Consider multiple named return values over small structs
A struct
is an aggregate data type with zero or more fields. If a method is returning a small struct composed of fields with std library types, changing its signature to use named return values will make it more flexible.
package github
type Auth struct {
Username string
Password string
}
func (c *Client) Auth() (Auth, error)
A consumer of the github
package will find it hard to swap the Client
object because the Auth
method returns a struct namespaced under github.Auth
. Instead consider the following signature with named return values:
package gitlab
func (c *Client) Auth() (username, password string, err error)
This signature makes it very easy for another package, say gitlab
, to also implement the same definition while maintaining readability. Now, as a consumer I can define the following interface and use either a github.Client
or gitlab.Client
:
type Auth interface {
Auth() (string, string, error)
}
Consider larger packages
When multiple types across packages satisfy the same contract, consider grouping them into a single package. Following the example above, instead of having two separate packages, gitlab
and github
, we can keep the Auth
struct and define a new gitrepo
package:
package gitrepo
func (c *GitHubClient) Auth() (Auth, error)
func (c *GitLabClient) Auth() (Auth, error)
A consumer that defines the following interface still has the flexibility of choosing either a GitHubClient
or GitLabClient
:
type Auth interface {
Auth() (gitrepo.Auth, error)
}
By grouping several types that satisfy the same interface in the gitrepo
package we increased its flexibility.
Consider only accepting and returning data types defined in your package
Following the advice from Liskov and Parnas, ensure that your package’s public API can evolve by not consuming or exposing dependency data types with the exception of the std library.
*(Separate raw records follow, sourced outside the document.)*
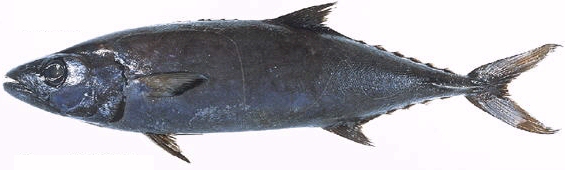 4.8 2009: Hawaiisk Smørfesk (Hawaiian Butterfish)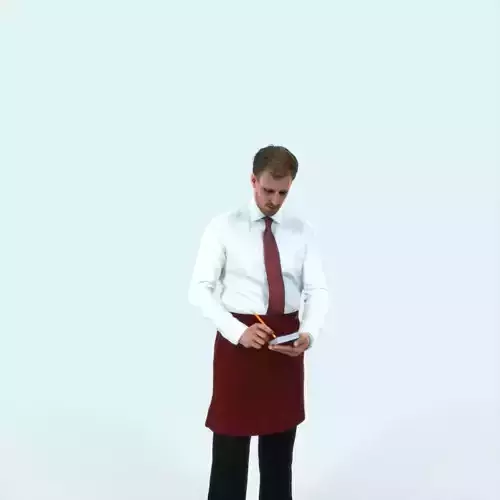 Mistery 25F Waiter Noting Working Man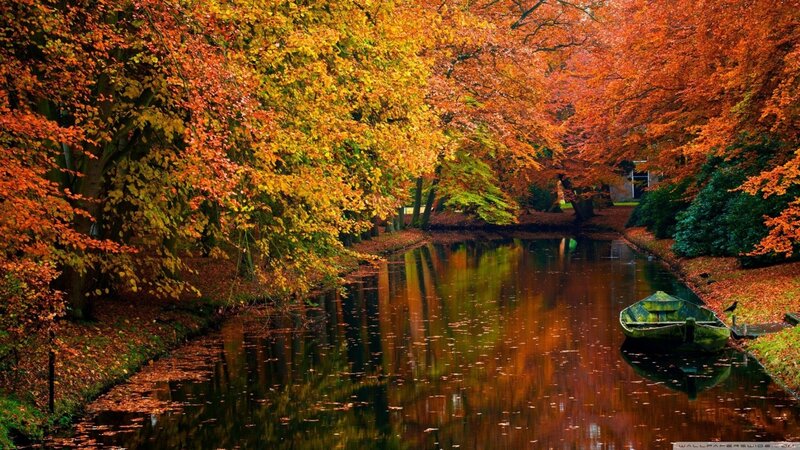 Autumn Trees over Canal — Orange, Serene, Photograph, Boat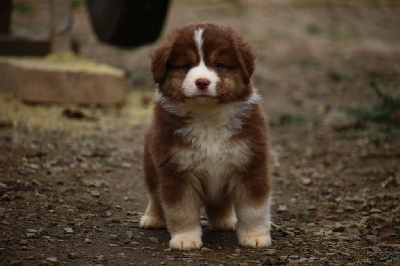 Les chiots de Berger Américain Miniature 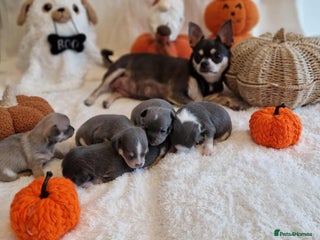 Chihuahua dogs for sale - Advert 1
To illustrate, let’s take a look at the following method in the gitrepo
package:
package gitrepo
// github.Auth and github.Repository are not owned by this pkg.
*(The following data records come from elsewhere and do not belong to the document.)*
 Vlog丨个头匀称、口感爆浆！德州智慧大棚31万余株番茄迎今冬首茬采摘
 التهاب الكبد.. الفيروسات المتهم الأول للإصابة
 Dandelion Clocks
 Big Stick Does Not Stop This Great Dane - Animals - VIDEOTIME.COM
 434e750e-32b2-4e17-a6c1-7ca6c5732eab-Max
func (c *Client) Repository(auth github.Auth, name string) (github.Repository, error)
The Repository
method will struggle to evolve if it wants to support additional functionality in a backwards compatible manner.
For example, we cannot augment the Repository
method to also work with one-time passwords (OTP) since gitrepo
does not own the github.Auth
type. It cannot add the optional OTP
field to the struct. Instead, we’ll have to create a new method RepositoryWithOTP
to be able to handle the feature request. On the other hand, if we define and accept our own Auth
type then the optional field can be added safely without introducing a breaking change.
package gitrepo
type Auth struct {
Username string
Password string
// Optional, one-time password.
// Can be specified instead of Password.
OTP string
}
func (c *Client) Repository(auth Auth, name string) (github.Repository, error)
The Repository
method still outputs a github.Repository
type which leaks the internals of the package.
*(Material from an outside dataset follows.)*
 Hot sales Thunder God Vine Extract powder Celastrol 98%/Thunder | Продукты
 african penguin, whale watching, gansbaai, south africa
A reader knows that the package uses and only works with the github
dependency. Instead, if we define our own
gitrepo.Repository
type then internally the Repository
method can choose to either use a github.Repository
or gitlab.Repository
.
package gitrepo
type Auth struct {
Username string
Password string
OTP string
}
type Repository struct {
Owner string
}
func (c *Client) Repository(auth Auth, name string) (Repository, error) {
// We can fetch either a github.Repository
// Or a gitlab.Repository.
}
Takeaways
While designing packages with methods, consider how your consumers can swap out
your package. Use multiple return values instead of returning a small struct to make
the package replacable. When the struct makes sense to remain under the namespace,
consider providing multiple types that satisfy the same contract in the same namespace.
Packages can depend on lower level packages to perform a task
but should vend their own data abstractions so that they can change over time. A higher
level package can be then designed to do the necessary transformations between data types and tie
packages together.
Further reading
[1] Liskov, Barbara H. “A design methodology for reliable software systems.” Proceedings of the December 5-7, 1972, fall joint computer conference, part I. 1972.
[2] Parnas, David L. “On the criteria to be used in decomposing systems into modules.” Pioneers and Their Contributions to Software Engineering. Springer, Berlin, Heidelberg, 1972. 479-498.